_Exercise objective_
Line by line, set down the records exactly as they appear below.

[Short web captions]
((
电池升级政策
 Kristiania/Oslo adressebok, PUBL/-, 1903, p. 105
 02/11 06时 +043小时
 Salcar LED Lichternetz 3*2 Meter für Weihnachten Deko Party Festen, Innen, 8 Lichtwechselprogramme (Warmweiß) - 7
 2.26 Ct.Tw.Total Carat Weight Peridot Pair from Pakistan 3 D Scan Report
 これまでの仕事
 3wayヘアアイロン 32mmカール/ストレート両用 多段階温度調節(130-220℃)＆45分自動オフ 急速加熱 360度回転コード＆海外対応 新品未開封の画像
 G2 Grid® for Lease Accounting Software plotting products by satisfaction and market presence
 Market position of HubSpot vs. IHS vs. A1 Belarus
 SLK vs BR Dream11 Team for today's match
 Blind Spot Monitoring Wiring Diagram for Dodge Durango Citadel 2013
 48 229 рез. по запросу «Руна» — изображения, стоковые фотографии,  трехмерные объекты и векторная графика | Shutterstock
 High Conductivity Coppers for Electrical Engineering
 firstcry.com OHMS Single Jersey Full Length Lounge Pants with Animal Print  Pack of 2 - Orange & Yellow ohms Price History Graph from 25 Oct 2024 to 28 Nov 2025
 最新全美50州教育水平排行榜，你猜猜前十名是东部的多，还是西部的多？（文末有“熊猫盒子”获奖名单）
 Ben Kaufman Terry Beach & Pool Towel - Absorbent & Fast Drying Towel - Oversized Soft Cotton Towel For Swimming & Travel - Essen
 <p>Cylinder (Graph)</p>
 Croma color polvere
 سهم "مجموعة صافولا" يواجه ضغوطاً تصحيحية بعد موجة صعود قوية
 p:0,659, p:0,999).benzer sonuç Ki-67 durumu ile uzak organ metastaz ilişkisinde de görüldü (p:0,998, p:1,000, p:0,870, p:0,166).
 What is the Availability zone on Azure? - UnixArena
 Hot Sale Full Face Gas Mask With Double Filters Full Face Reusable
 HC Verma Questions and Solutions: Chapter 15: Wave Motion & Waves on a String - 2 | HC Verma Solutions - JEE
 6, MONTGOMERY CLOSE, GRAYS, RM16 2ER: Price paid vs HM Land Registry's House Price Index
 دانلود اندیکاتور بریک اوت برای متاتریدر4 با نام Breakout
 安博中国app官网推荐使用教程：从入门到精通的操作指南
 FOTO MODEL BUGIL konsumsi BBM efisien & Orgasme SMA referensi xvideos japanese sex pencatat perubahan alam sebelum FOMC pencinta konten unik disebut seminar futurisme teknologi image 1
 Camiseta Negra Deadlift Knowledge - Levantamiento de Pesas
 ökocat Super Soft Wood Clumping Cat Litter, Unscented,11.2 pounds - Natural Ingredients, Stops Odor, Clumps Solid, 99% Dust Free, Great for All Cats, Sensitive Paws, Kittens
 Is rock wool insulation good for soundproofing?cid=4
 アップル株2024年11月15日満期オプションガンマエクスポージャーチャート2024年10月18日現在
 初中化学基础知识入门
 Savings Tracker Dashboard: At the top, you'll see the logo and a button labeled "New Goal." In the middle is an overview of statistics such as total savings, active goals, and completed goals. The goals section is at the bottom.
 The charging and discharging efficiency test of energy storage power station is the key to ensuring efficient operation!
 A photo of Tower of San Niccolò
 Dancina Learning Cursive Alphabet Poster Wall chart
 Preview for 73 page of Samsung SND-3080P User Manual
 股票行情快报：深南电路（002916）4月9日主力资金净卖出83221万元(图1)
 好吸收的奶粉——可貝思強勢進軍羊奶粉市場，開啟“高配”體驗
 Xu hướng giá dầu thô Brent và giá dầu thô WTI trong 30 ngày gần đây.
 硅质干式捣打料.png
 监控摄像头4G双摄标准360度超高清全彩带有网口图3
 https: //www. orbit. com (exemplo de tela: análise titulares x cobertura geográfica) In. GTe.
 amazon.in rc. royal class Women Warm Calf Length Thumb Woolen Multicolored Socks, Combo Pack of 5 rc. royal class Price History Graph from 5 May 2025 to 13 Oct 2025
))
_Result of the exercise_
电池升级政策
 Kristiania/Oslo adressebok, PUBL/-, 1903, p. 105
 02/11 06时 +043小时
 Salcar LED Lichternetz 3*2 Meter für Weihnachten Deko Party Festen, Innen, 8 Lichtwechselprogramme (Warmweiß) - 7
 2.26 Ct.Tw.Total Carat Weight Peridot Pair from Pakistan 3 D Scan Report
 これまでの仕事
 3wayヘアアイロン 32mmカール/ストレート両用 多段階温度調節(130-220℃)＆45分自動オフ 急速加熱 360度回転コード＆海外対応 新品未開封の画像
 G2 Grid® for Lease Accounting Software plotting products by satisfaction and market presence
 Market position of HubSpot vs. IHS vs. A1 Belarus
 SLK vs BR Dream11 Team for today's match
 Blind Spot Monitoring Wiring Diagram for Dodge Durango Citadel 2013
 48 229 рез. по запросу «Руна» — изображения, стоковые фотографии,  трехмерные объекты и векторная графика | Shutterstock
 High Conductivity Coppers for Electrical Engineering
 firstcry.com OHMS Single Jersey Full Length Lounge Pants with Animal Print  Pack of 2 - Orange & Yellow ohms Price History Graph from 25 Oct 2024 to 28 Nov 2025
 最新全美50州教育水平排行榜，你猜猜前十名是东部的多，还是西部的多？（文末有“熊猫盒子”获奖名单）
 Ben Kaufman Terry Beach & Pool Towel - Absorbent & Fast Drying Towel - Oversized Soft Cotton Towel For Swimming & Travel - Essen
 <p>Cylinder (Graph)</p>
 Croma color polvere
 سهم "مجموعة صافولا" يواجه ضغوطاً تصحيحية بعد موجة صعود قوية
 p:0,659, p:0,999).benzer sonuç Ki-67 durumu ile uzak organ metastaz ilişkisinde de görüldü (p:0,998, p:1,000, p:0,870, p:0,166).
 What is the Availability zone on Azure? - UnixArena
 Hot Sale Full Face Gas Mask With Double Filters Full Face Reusable
 HC Verma Questions and Solutions: Chapter 15: Wave Motion & Waves on a String - 2 | HC Verma Solutions - JEE
 6, MONTGOMERY CLOSE, GRAYS, RM16 2ER: Price paid vs HM Land Registry's House Price Index
 دانلود اندیکاتور بریک اوت برای متاتریدر4 با نام Breakout
 安博中国app官网推荐使用教程：从入门到精通的操作指南
 FOTO MODEL BUGIL konsumsi BBM efisien & Orgasme SMA referensi xvideos japanese sex pencatat perubahan alam sebelum FOMC pencinta konten unik disebut seminar futurisme teknologi image 1
 Camiseta Negra Deadlift Knowledge - Levantamiento de Pesas
 ökocat Super Soft Wood Clumping Cat Litter, Unscented,11.2 pounds - Natural Ingredients, Stops Odor, Clumps Solid, 99% Dust Free, Great for All Cats, Sensitive Paws, Kittens
 Is rock wool insulation good for soundproofing?cid=4
 アップル株2024年11月15日満期オプションガンマエクスポージャーチャート2024年10月18日現在
 初中化学基础知识入门
 Savings Tracker Dashboard: At the top, you'll see the logo and a button labeled "New Goal." In the middle is an overview of statistics such as total savings, active goals, and completed goals. The goals section is at the bottom.
 The charging and discharging efficiency test of energy storage power station is the key to ensuring efficient operation!
 A photo of Tower of San Niccolò
 Dancina Learning Cursive Alphabet Poster Wall chart
 Preview for 73 page of Samsung SND-3080P User Manual
 股票行情快报：深南电路（002916）4月9日主力资金净卖出83221万元(图1)
 好吸收的奶粉——可貝思強勢進軍羊奶粉市場，開啟“高配”體驗
 Xu hướng giá dầu thô Brent và giá dầu thô WTI trong 30 ngày gần đây.
 硅质干式捣打料.png
 监控摄像头4G双摄标准360度超高清全彩带有网口图3
 https: //www. orbit. com (exemplo de tela: análise titulares x cobertura geográfica) In. GTe.
 amazon.in rc. royal class Women Warm Calf Length Thumb Woolen Multicolored Socks, Combo Pack of 5 rc. royal class Price History Graph from 5 May 2025 to 13 Oct 2025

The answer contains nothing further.